Topic 2 — Computer Vision and Object Understanding
This topic covers how humanoid robots extract objects, people, and semantics from visual data. It starts with classical computer vision, transitions to deep learning–based detectors and segmenters, and culminates in a hands-on perception pipeline that runs in real time on RGB-D and LiDAR streams.
2.1 Classical Computer Vision
Before deep learning, perception systems relied on handcrafted features:
- Edge detectors (Sobel, Canny) to find object boundaries.
- Corner and feature detectors (Harris, FAST).
- Feature descriptors (SIFT, SURF, ORB) to encode local patches.
- Feature matching across images for:
- Motion estimation.
- Stereo matching.
- Visual odometry.
Classical methods still matter because:
- They are fast and lightweight, useful on constrained hardware.
- They are more interpretable and tunable.
- Many SLAM systems (e.g., ORB-SLAM) still rely on keypoints and descriptors.
Typical pipeline:
- Detect keypoints in each image.
- Compute descriptors for each keypoint.
- Match descriptors between consecutive frames.
- Use matches to estimate camera motion and scene structure.
You will see these ideas again when we discuss SLAM in Topic 3.
2.2 Deep Vision Models
Deep learning has transformed computer vision by learning features directly from data.
Convolutional Neural Networks (CNNs)
CNNs apply learned filters across images to detect patterns:
- Early layers detect edges and textures.
- Deeper layers detect parts and objects.
- Used for:
- Image classification.
- Object detection.
- Semantic segmentation.
Vision Transformers (ViTs)
Vision Transformers treat images as sequences of patches:
- Use self-attention to relate all patches to each other.
- Capture long-range context effectively.
- Often combined with CNNs or used as backbones in modern detectors and segmenters.
Object Detection
Detectors take an image and produce bounding boxes + class labels:
- Single-stage models (e.g., YOLO-family) excel at real-time performance.

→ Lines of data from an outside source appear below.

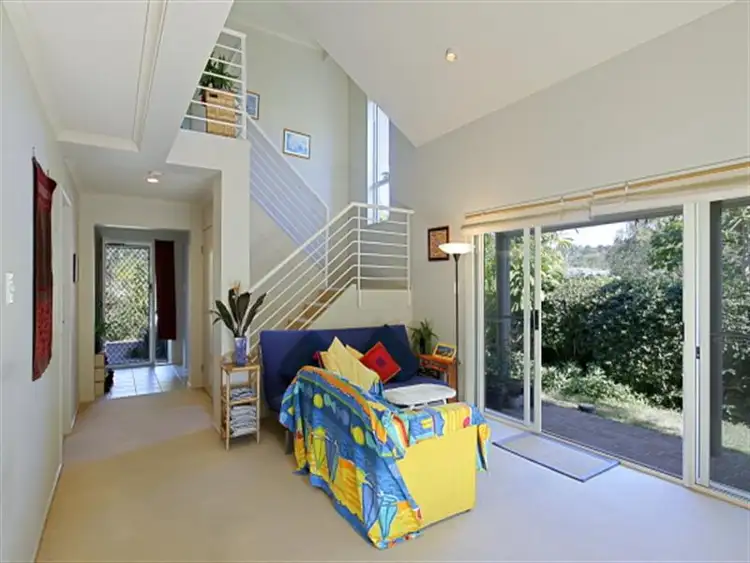 Fourth view of Homely townhouse listing, 5/19 Oceanside Place, Suffolk Park NSW 2481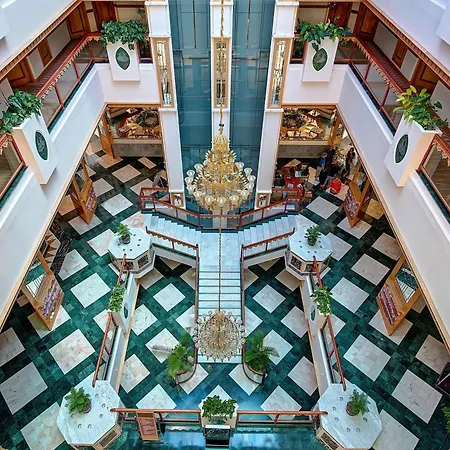 Crowne Plaza Resort Salalah By Ihg-2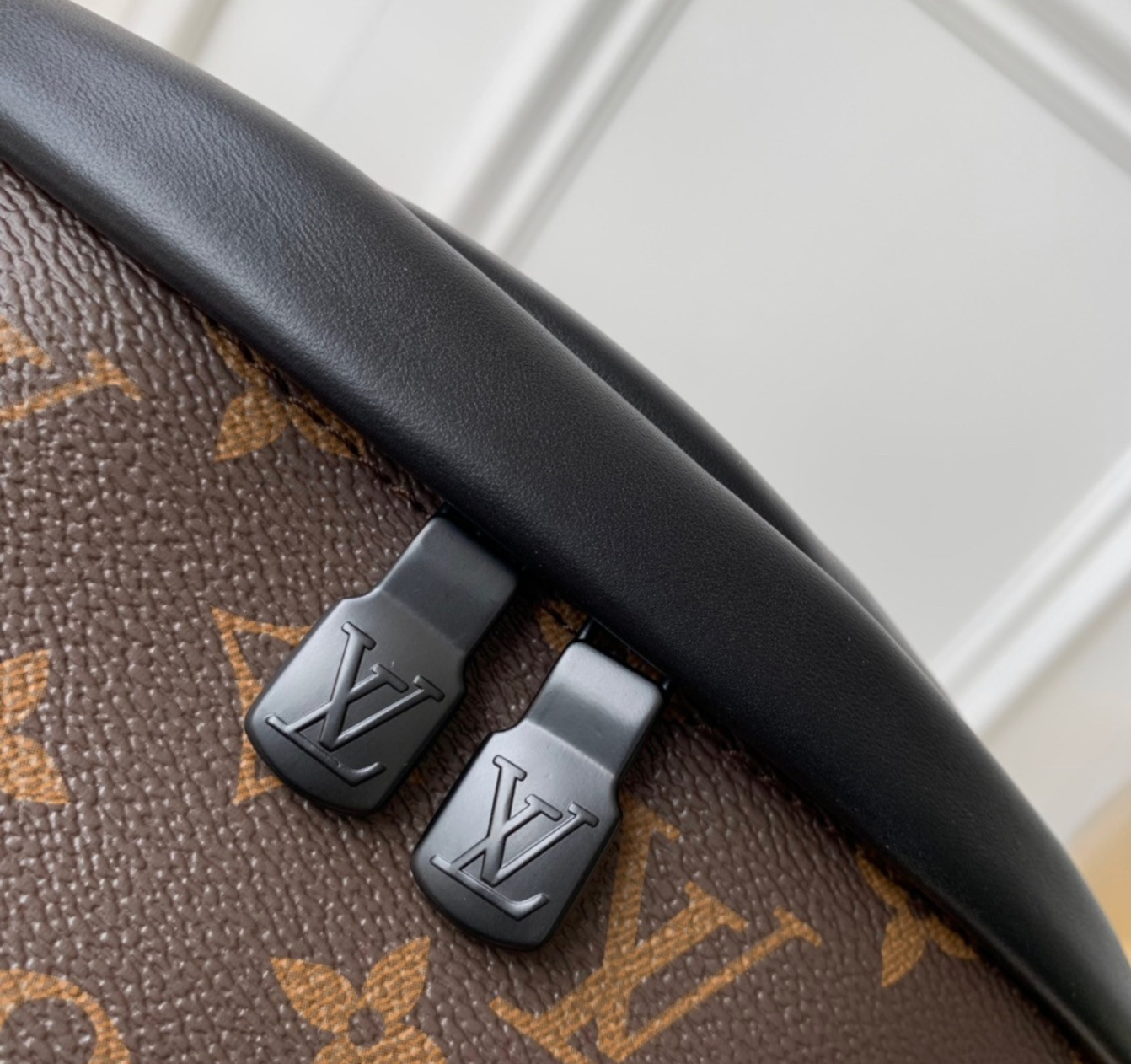 Luxe Touch Bags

- Two-stage models (e.g., region-based detectors) can offer higher accuracy at higher compute cost.
For humanoid robots, detection is used to:
- Localize manipulable objects (mugs, tools, doors).
- Detect humans for interaction and safety.
Semantic and Instance Segmentation
- Semantic segmentation: assign a class label to every pixel (e.g., floor, wall, table).
- Instance segmentation: distinguish individual object instances (e.g., mug A vs mug B).
Segmentation is useful for:
- Understanding traversable vs non-traversable areas.
- Manipulation planning (precise object extents).
- Scene understanding and affordance detection.
Depth Estimation and Monocular 3D
Depth estimation models infer distance from a single RGB image:
- Useful when no hardware depth sensor is available.
- Can augment sparse depth sensors.
Monocular 3D reconstruction goes further by estimating:
- 3D structure of scenes.
- Coarse point clouds or meshes from single or multiple images.
Human Pose Estimation
Human pose estimators detect key human joints (e.g., shoulders, elbows, knees):
- Used for:
- Gesture recognition (waving, pointing).
- Safety (detecting awkward or dangerous proximity).
- Human-robot interaction (mirroring or responding to user posture).
For humanoid robots, pose estimation enables:
- Interpreting commands like "wave back at the human" or "follow that person."
2.3 Building a Real-Time Vision Pipeline
A practical perception pipeline for your humanoid will:
- Capture frames from RGB-D camera (and optionally LiDAR).
- Run object detection on the RGB stream.
- Run segmentation to get pixel-level masks.
- Associate detections with depth or point cloud data:
- Estimate 3D positions of objects.
- Compute approximate size and orientation.
- Publish results as ROS 2 topics for other nodes to consume.
Example ROS 2 Topics
/camera/rgb/image_raw— Raw RGB images./camera/depth/image_raw— Raw depth images./perception/detections— List of detected objects (class, 2D box, score)./perception/segments— Masks or polygon outlines./perception/objects_3d— Estimated 3D positions and extents.
Downstream nodes (planners, controllers, VLM interfaces) should not need to know how detections are produced—only how to consume them.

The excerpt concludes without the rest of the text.